Lazarus

Programming => Graphics and Multimedia => Graphics => Topic started by: airpas on March 20, 2013, 03:28:54 pm

Title: need some optimization
Post by: airpas on March 20, 2013, 03:28:54 pm
hi every one
recently i start porting SOL's SDL tutorial to FPC . the ported examples was successfully built with FPC but ..... the problem is (speed) . . the origianl C examples is faster than FPC ones 3x time
and some example 4x

so i attached one of them , hope some one will find which part of the code slowdown the rendering

thanks
Title: Re: need some optimization
Post by: lainz on March 20, 2013, 07:08:27 pm
I don't know, but it's beautifull.
Title: Re: need some optimization
Post by: Martin_fr on March 20, 2013, 07:45:15 pm
I am not sure, there may be graphic libraries (lige bgra) that are already well optimized.

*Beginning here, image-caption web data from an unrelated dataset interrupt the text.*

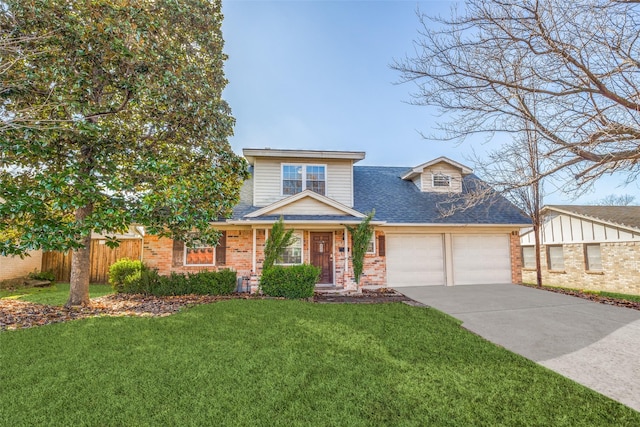 view of front of home with a front yard and a garage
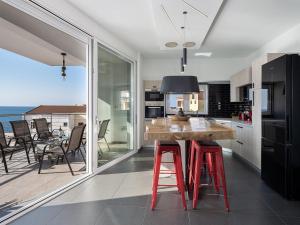 una cucina con tavolo in legno e sgabelli rossi di View Point Apartment a Chania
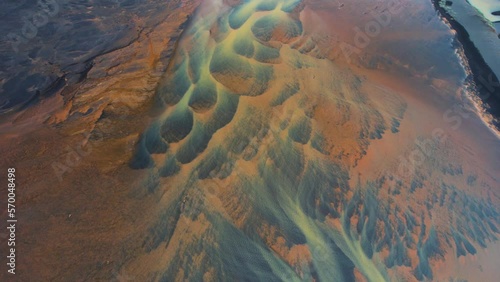 Aerial view of abstract water formation along the coast at Floi Nature Reserve, Iceland. photo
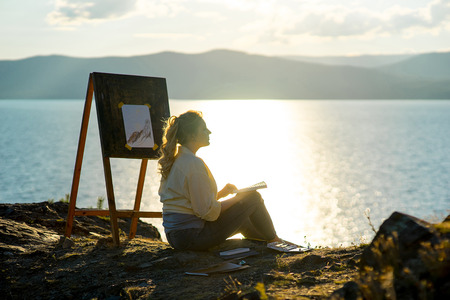 young artist draws a seascape at sunset on the highrockの写真素材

Anyway, if you want to do your version:

FPC does not do all optimizations as well as gcc. So you need to do them by hand.  (I assume you compile with -O3

One think to look at is loops.
Code: [Select]
        for j := 0 to 15 do
        begin
            if (sprite[c] <> 0) then
              p32Array(screen^.pixels)[yofs + j] := color;

Does need to calculate 15 times, the pointer + yofs + j

instead get
Code: [Select]
var pix: ^longword
// before the loop)
  pix :# @(p32Array(screen^.pixels)[yofs] );
// in the loop
  pix^ := color
  inc(pix);

Do a similar optimization for the outer loop...
Same for sprite[c]: use a pointer, inc the pointer, drop c

Replace
        yofs += screen^.pitch div 4;
by increasing the above counter
   pix := pix + NextLineDiff

where NextLineDiff is calculated once only
   NextLineDiff := (screen^.pitch div 4) - 16; already increased by 16 in the loop


-------------------
    targetr := trunc((sourcer + targetr) / 2);

use the div operator

Why shift all right, and then shift them left again

targetG := (target ) and $ff00;
sourceg := (source ) and $ff00;
AvgG :=  ((targetG + sourceg) div 2) and $ff00;

Well I am not sure that is faster...
But maybe even this will work

Once you took out Green (the middle one) you can do the other 2 in one op:

(((Target and $ff00ff) + (source and $ff00ff)) div 2) and $ff00ff
Title: Re: need some optimization
Post by: Laksen on March 20, 2013, 07:52:44 pm
Division by an integer in C is the same as an integer division in pascal.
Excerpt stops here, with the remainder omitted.